Exercise aim:
Reproduce exactly the lines from the one that holds "Sat Sabhara Polres" through the last line of the entries, both ends included, but not the pictures.

Data for this task:

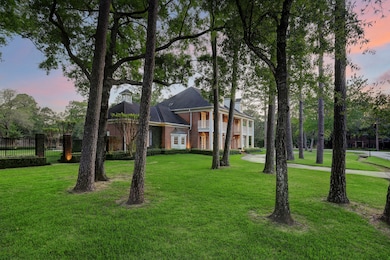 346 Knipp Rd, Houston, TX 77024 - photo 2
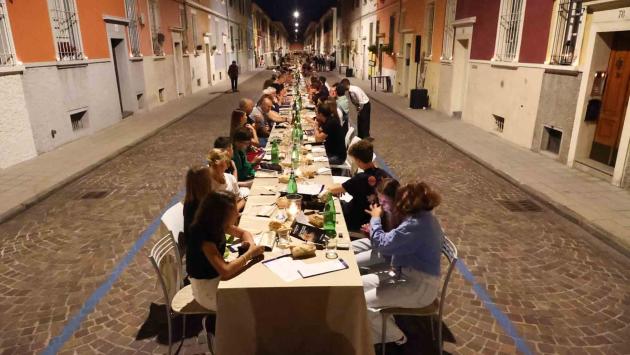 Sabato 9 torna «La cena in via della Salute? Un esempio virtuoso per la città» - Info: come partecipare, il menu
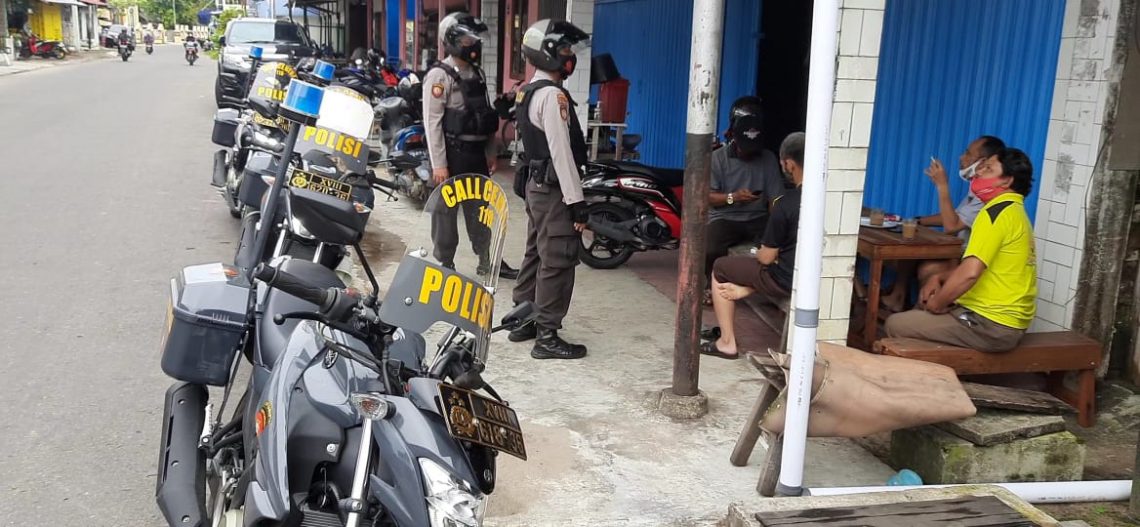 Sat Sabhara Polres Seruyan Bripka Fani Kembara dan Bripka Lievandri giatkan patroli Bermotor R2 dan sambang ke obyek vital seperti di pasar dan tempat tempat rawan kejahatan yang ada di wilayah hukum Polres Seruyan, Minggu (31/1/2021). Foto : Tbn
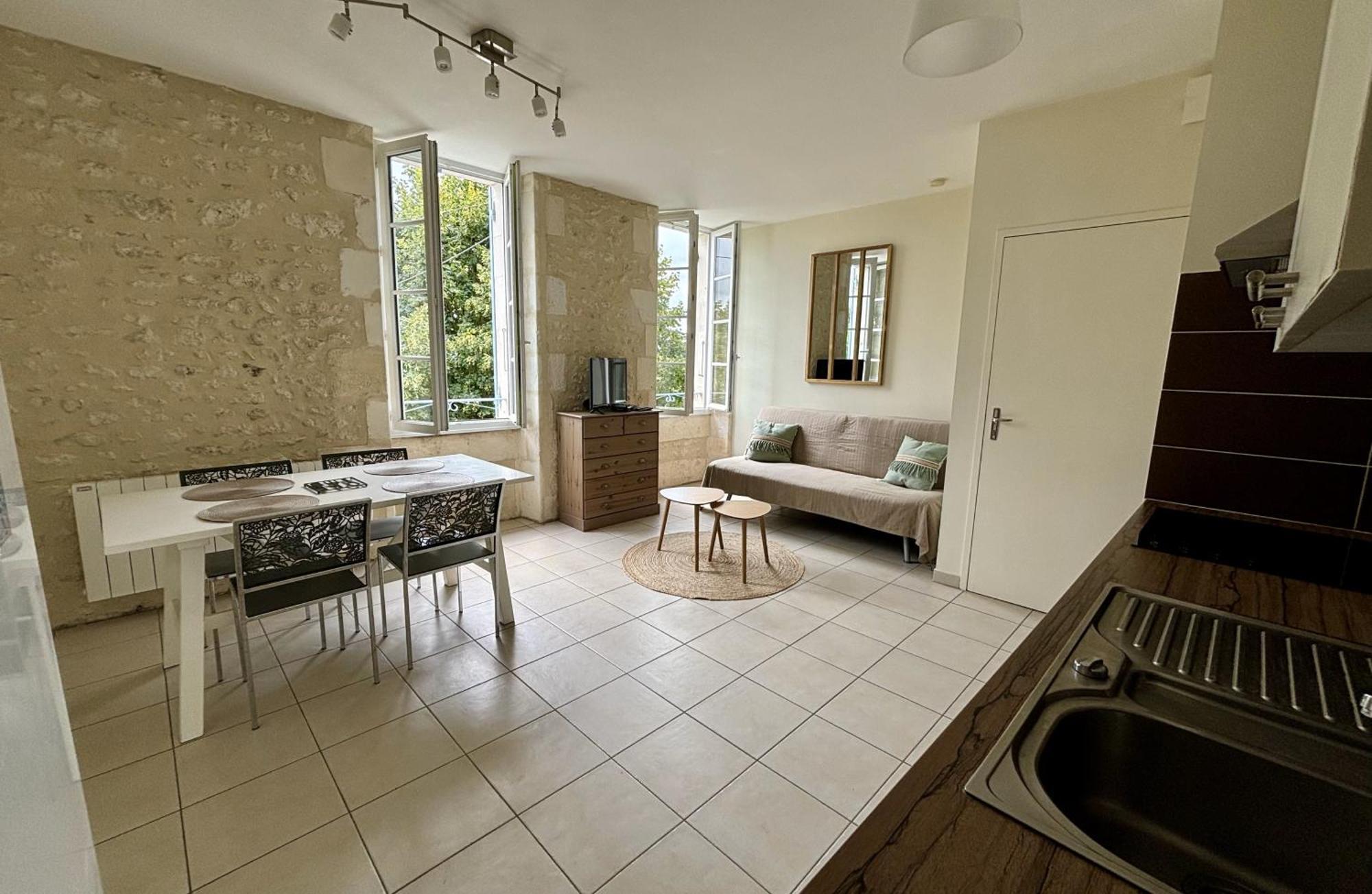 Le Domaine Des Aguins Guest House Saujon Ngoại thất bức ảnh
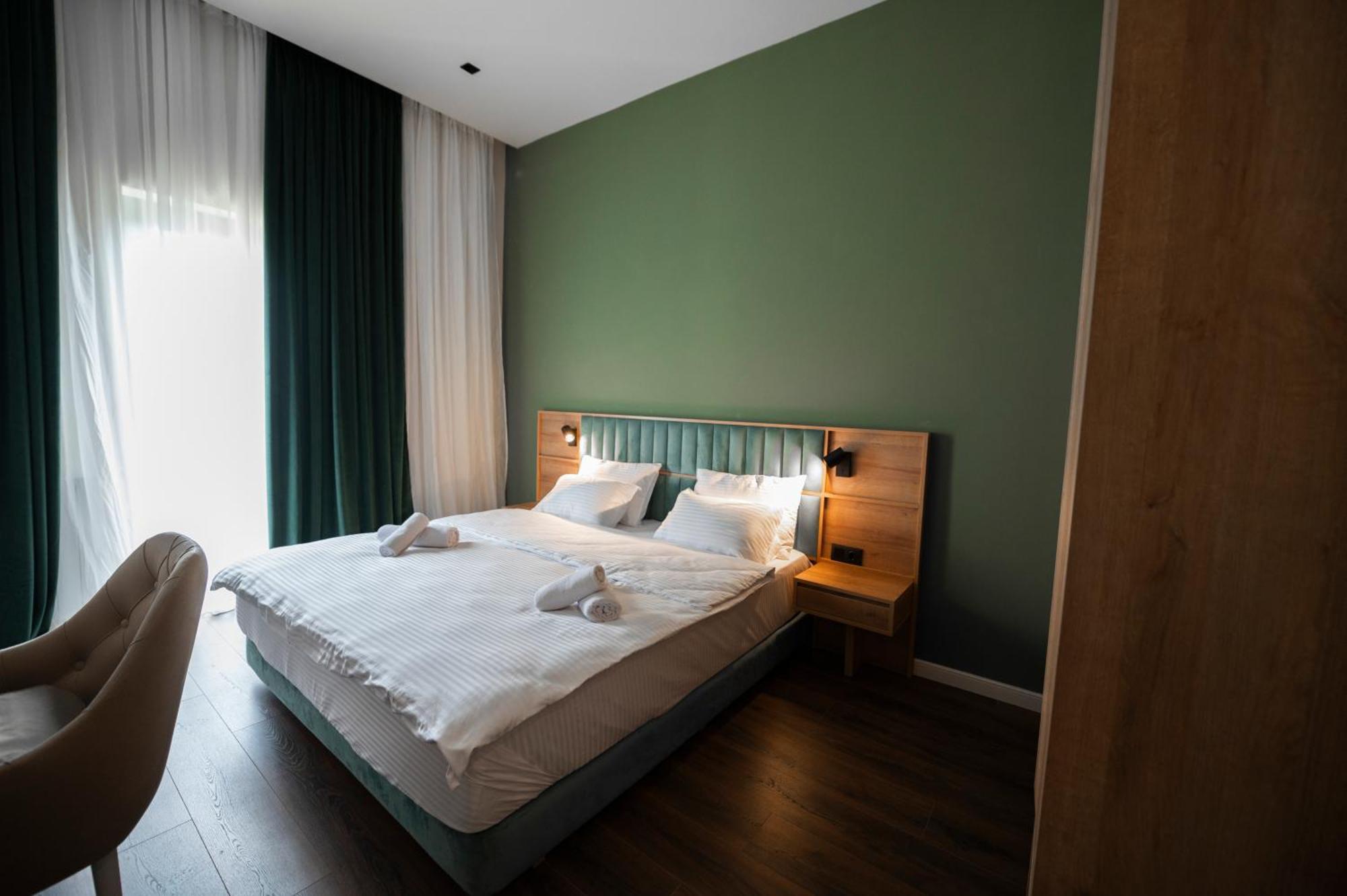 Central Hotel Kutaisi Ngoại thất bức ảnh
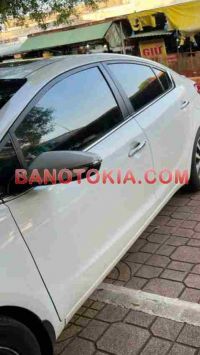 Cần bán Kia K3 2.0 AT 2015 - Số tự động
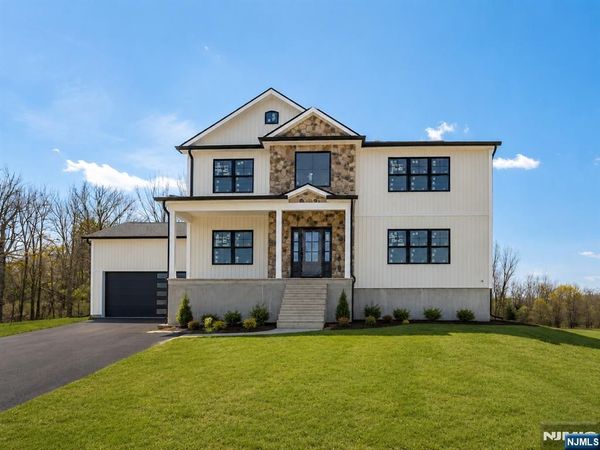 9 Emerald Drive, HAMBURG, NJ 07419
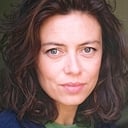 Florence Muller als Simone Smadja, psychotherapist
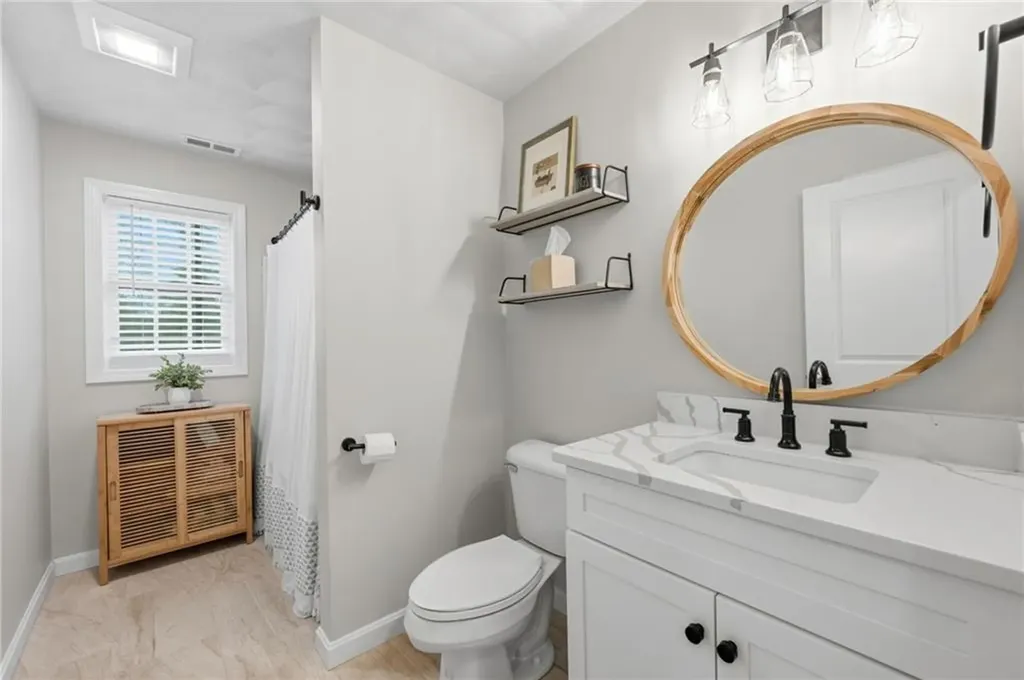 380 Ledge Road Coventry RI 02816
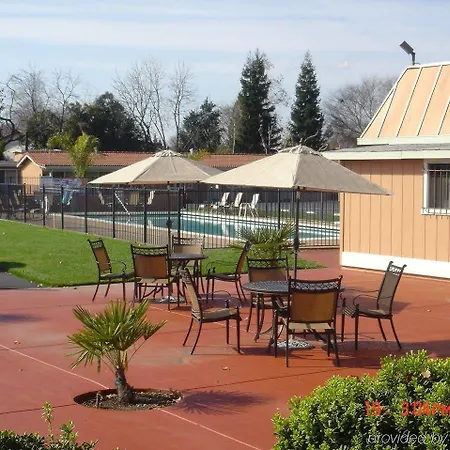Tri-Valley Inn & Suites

Answer box:
 Sat Sabhara Polres Seruyan Bripka Fani Kembara dan Bripka Lievandri giatkan patroli Bermotor R2 dan sambang ke obyek vital seperti di pasar dan tempat tempat rawan kejahatan yang ada di wilayah hukum Polres Seruyan, Minggu (31/1/2021). Foto : Tbn
 Le Domaine Des Aguins Guest House Saujon Ngoại thất bức ảnh
 Central Hotel Kutaisi Ngoại thất bức ảnh
 Cần bán Kia K3 2.0 AT 2015 - Số tự động
 9 Emerald Drive, HAMBURG, NJ 07419
 Florence Muller als Simone Smadja, psychotherapist
 380 Ledge Road Coventry RI 02816
Tri-Valley Inn & Suites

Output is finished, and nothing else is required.